The move put the potential winning run into scoring position, and brought up Lisbon’s diminutive second baseman, Nick Jones.

“(Jones was) the one kid I walked (before the seventh),” Dwyer said with a laugh. “(Fortin) gave me a heart attack when he did that.”

But Jones did what the Greyhounds had been doing for most of the game against Dwyer – hit a pop up into the stiff wind blowing in. Dwyer took off from the mound toward third base, called for it, settled under it and squeezed his glove shut to preserve a 3-2 win for the Ramblers.

“I had to still buckle down, and they’d been popping them out all game, so it was good to get that last one, too,” Dwyer said.

Seventeen of Lisbon’s 21 outs were in the air, which, despite the wind gusts, presented little problem for Winthrop’s defense.

“We had a lot of lazy swings. We didn’t attack the ball well at the plate,” Lisbon coach Randy Ridley said. “Forrest is a very good pitcher, but we didn’t swing the bats like we could have, and it showed with a lot of fly ball outs.”

Things got a little more interesting when the Greyhounds hit the ball on the ground. The Ramblers committed four throwing errors, including two that led to an unearned run off Dwyer in the third.

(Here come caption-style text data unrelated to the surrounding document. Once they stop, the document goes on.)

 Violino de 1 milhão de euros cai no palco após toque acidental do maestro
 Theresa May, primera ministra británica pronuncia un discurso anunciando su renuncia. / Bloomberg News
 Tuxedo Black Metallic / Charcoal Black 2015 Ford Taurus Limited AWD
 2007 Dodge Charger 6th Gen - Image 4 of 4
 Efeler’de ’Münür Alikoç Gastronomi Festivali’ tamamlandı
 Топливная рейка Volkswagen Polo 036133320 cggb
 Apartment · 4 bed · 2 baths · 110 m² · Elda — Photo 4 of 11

A throwing error by Lisbon in the first inning put the Ramblers (6-1) on the board first against starter Kyle Neagle. Bryan Lawson made it 2-0 with an RBI single to left-center in the second, but a strong relay throw by third baseman Mike Unterkoefler cut down Easton Morang at the plate to keep it a two-run game.

Lisbon (5-2) cut the lead in half in the third. Alex Hall reached and took second on a throwing error. With one out, Neagle hit a grounder to second baseman Lawson, whose throw seemed to get pushed towards right field by a burst of wind and sailed past first base, allowing Neagle to score.

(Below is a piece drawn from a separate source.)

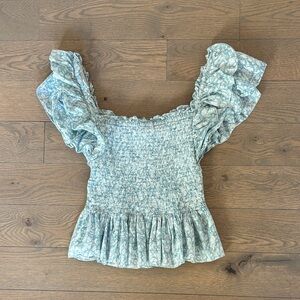 Love the Label Elegant Blue Ruffle Sleeve Smocked Blouse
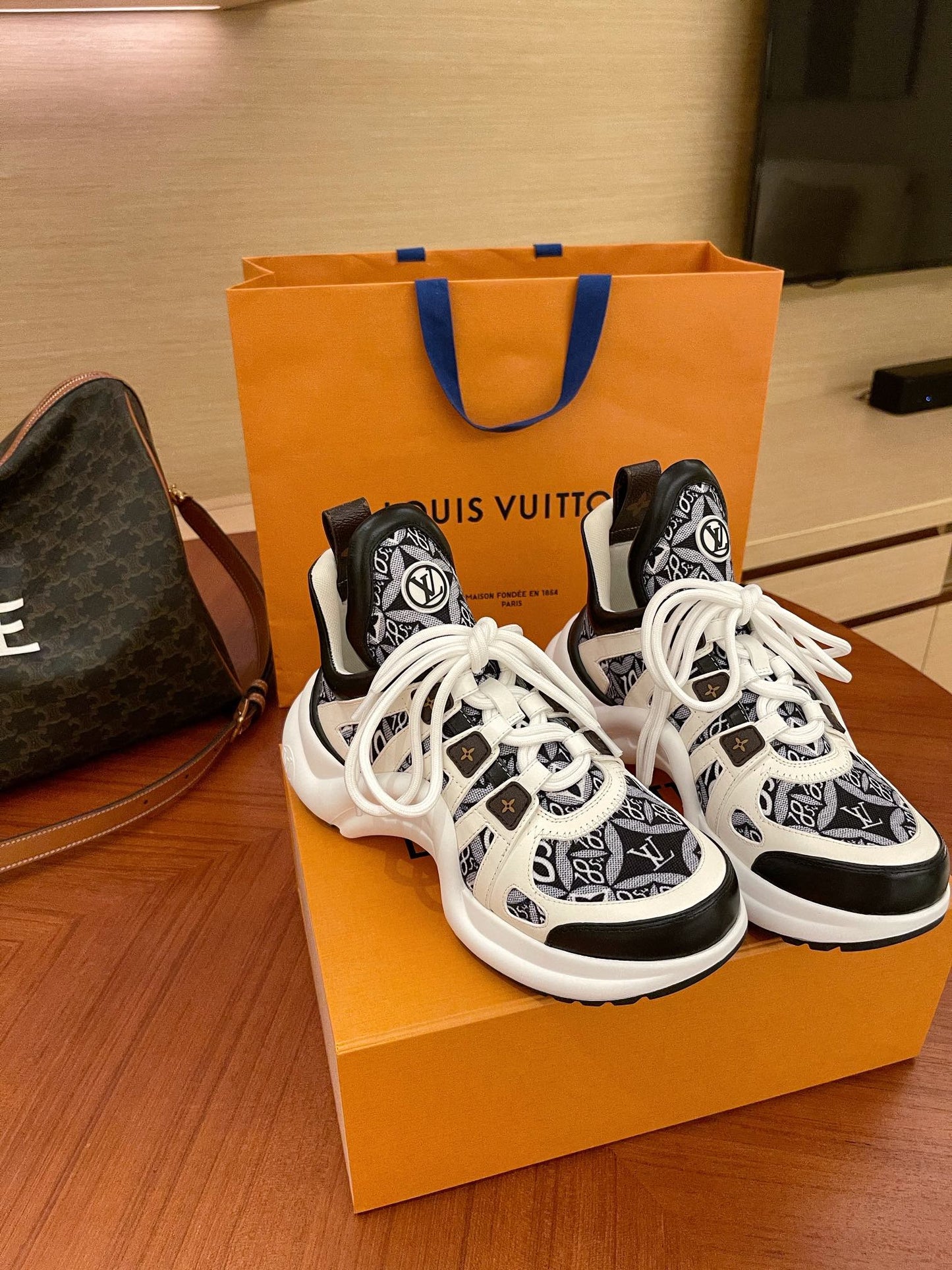 Luxury Shoes - LU-V - 1131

Neagle and reliever Frank Angelico didn’t give up a hit after the second inning. Neagle walked the first two batters of the bottom of the third but worked his way out of the jam. Winthrop scored what proved to be the winning run in the fifth when David Ricker drew a leadoff walk, stole second, advanced to third on a Jordan Conant grounder, then scored on Dwyer’s sacrifice fly to right.

Dwyer, who bounced back nicely from a rough outing in last week’s loss to Livermore Falls, worked around an error and a single in the fourth, then an error and his only walk in the sixth.

“He was getting his first pitch strikes in, and those are key. Get those guys in a hole,” Fortin said.

In the seventh, he surrendered a leadoff walk to Alex Hall, then a one-out single to Neagle. Unterkoefler hit a soft liner to short, then Angelico lofted a pop fly that fell in to no man’s land in short right to score Hall with the second run and put runners at first and third.

With Ouellette due up, Fortin told Dwyer to issue the free pass.

“There was pressure on Forrest – bases loaded, he’s got to pitch to this little guy and there’s no room for him,” Winthrop coach Marc Fortin said. “That’s serious pressure, but he came through.”